→ Given records
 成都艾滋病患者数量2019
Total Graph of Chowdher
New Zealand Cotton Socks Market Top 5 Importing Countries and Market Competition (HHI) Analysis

==

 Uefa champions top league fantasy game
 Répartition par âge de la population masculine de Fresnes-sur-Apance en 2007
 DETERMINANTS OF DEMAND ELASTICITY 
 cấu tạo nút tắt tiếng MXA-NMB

---

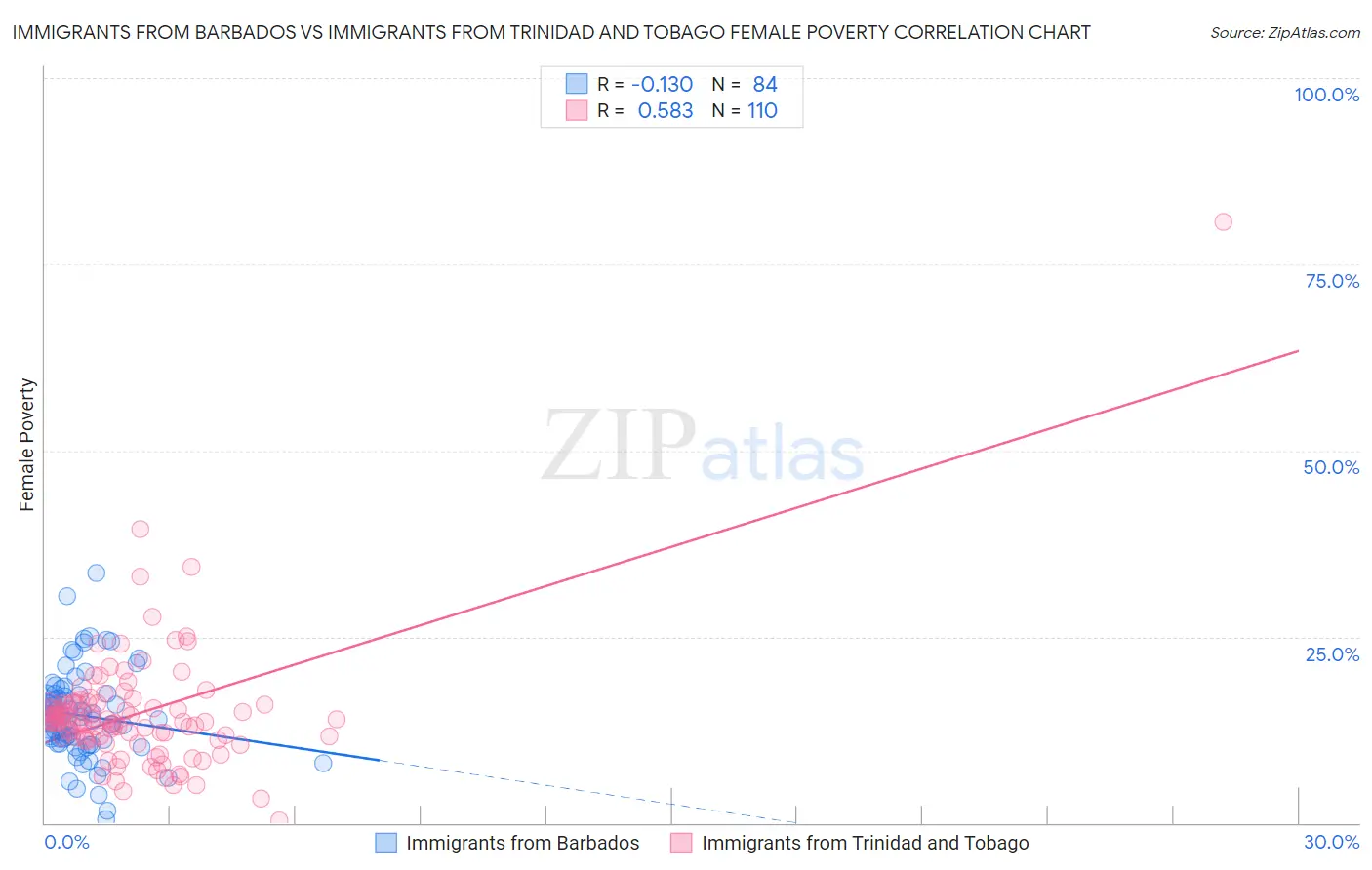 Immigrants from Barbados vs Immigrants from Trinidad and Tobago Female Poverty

→ About this exercise
Only one stretch of the records above is wanted: the lines between the one holding "成都艾滋病患者数量2019" and the one holding "New Zealand Cotton", inclusive, reproduced exactly.

→ Output below
 成都艾滋病患者数量2019
Total Graph of Chowdher
New Zealand Cotton Socks Market Top 5 Importing Countries and Market Competition (HHI) Analysis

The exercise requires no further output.